Phasing Command-line Arguments¶
- --phase-algorithm <beagle, shapeit>
- Argument used to define the phasing algorithm. BEAGLE 5.0 (beagle) [default] and SHAPEIT (shapeit). Please note: Both algorithms possess algorithm-specific arguments that may be found in their respective sections.
- --Ne <Ne_int>
- Argument used to define the effective population size.

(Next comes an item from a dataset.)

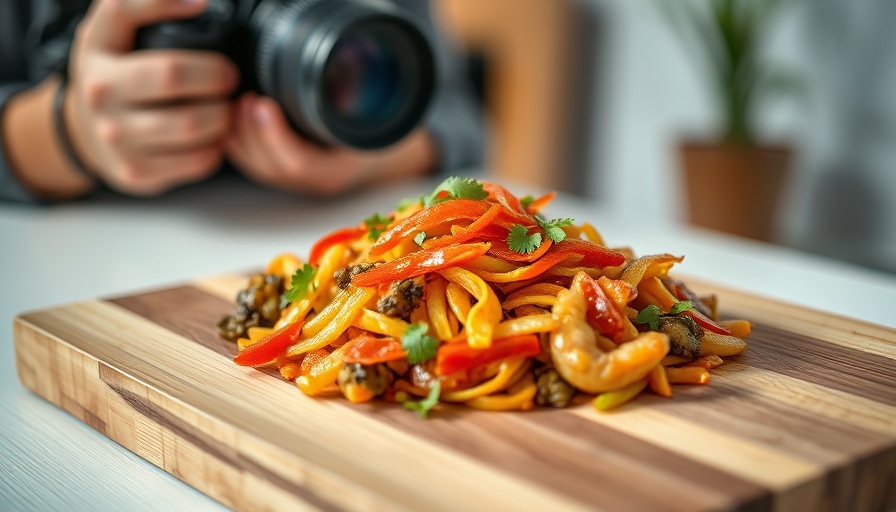 Megapixel Fotografie of a colorful dish being photographed.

- --genetic-map <genetic_map_filename>
- Argument used to define a genetic map file.
- --phase-chr <chr>
- Argument used to define a single chromosome to phase.
- --phase-from-bp
- Argument used to define the lower bound of positions to include. May only be used with a single chromosome.
- --phase-to-bp
- Argument used to define the upper bound of positions to include. May only be used with a single chromosome.
- --random-seed <seed_int>
- Argument used to define the seed value for the random number generator.

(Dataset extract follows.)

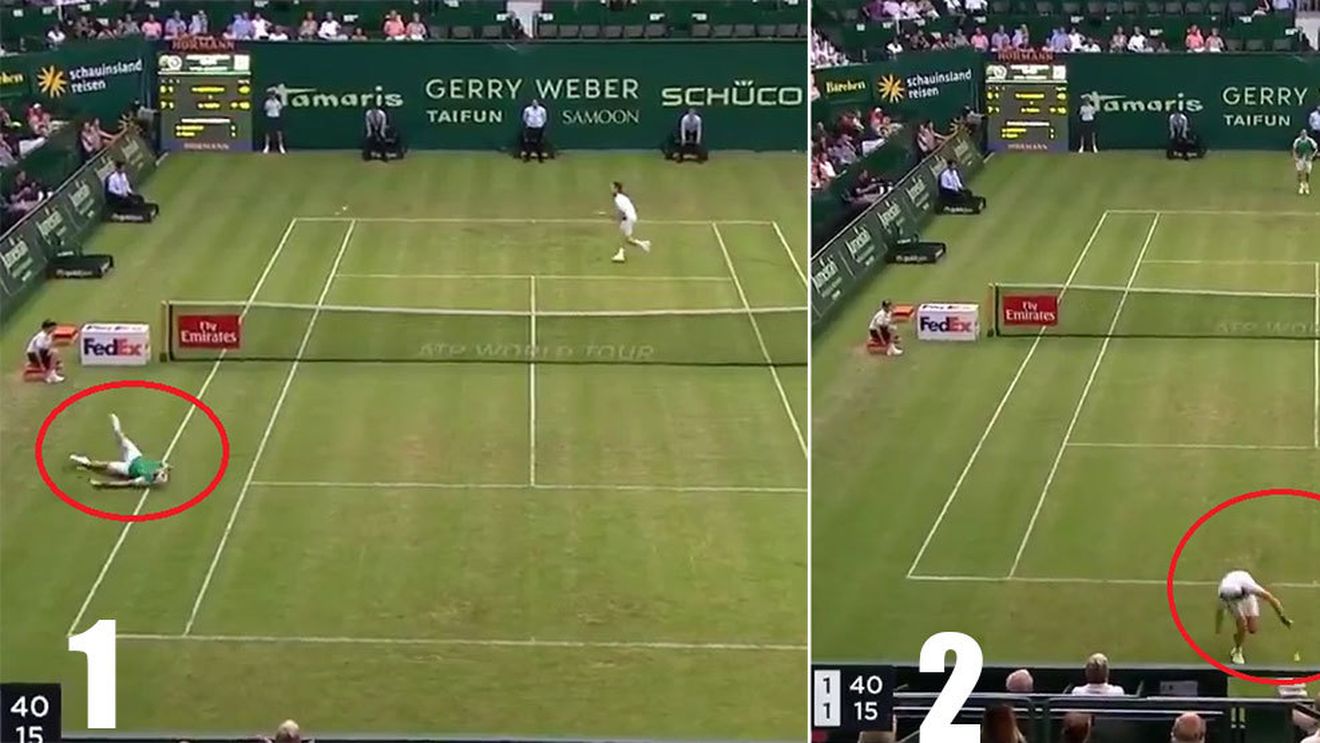 Punctul anului în tenis! VIDEO FABULOS | Minge senzațională jucată de Thiem și Marterer la Halle. Cum s-a terminat totul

SHAPEIT Phasing Command-line Arguments¶
- --shapeit-ref <ref_haps> <ref_legend> <ref_sample>
- Argument used to define a reference panel. Three files are required: the reference haplotypes (.haps), the snp map (.legend), and the individual information (.sample)
- --shapeit-burn-iter <iteration_int>
- Argument used to define the number of burn-in iterations.
- --shapeit-prune-iter <iteration_int>
- Argument used to define the number of pruning iterations.
- --shapeit-main-iter <iteration_int>
- Argument used to define the number of main iterations.
- --shapeit-states <state_int>
- Argument used to define the number of conditioning states for haplotype estimation.
- --shapeit-window <Mb_float>
- Argument used to define the model window size in Mb.
- --shapeit-force
- Argument used to diable the missing data error (i.e. --force). Use at your own risk.
BEAGLE Phasing Command-line Arguments¶
- --beagle-ref <ref_vcf, ref_bref3>
- Argument used to define a reference panel VCF or bref3.
- --beagle-burn-iter <iteration_int>
- Argument used to define the number of burn-in iterations.
- --beagle-iter <iteration_int>
- Argument used to define the number of main iterations
- --beagle-states <state_int>
- Argument used to define the number of model states for genotype estimation.
- --beagle-error <probability>
- Argument used to define the HMM allele mismatch probability.
- --beagle-window <cM_float>
- Argument used to define the sliding window size in cM.
- --beagle-overlap <cM_float>
- Argument used to define the overlap between neighboring windows in cM.
- --beagle-step <cM_float>
- Argument used to define the step length in cM used for identifying short IBS segments.
- --beagle-nsteps <windows_int>
- Argument used to define the number of consecutive --beagle-steps used for identifying long IBS segments.
- --beagle-path <path>
- Argument used to define the path to locate beagle.jar.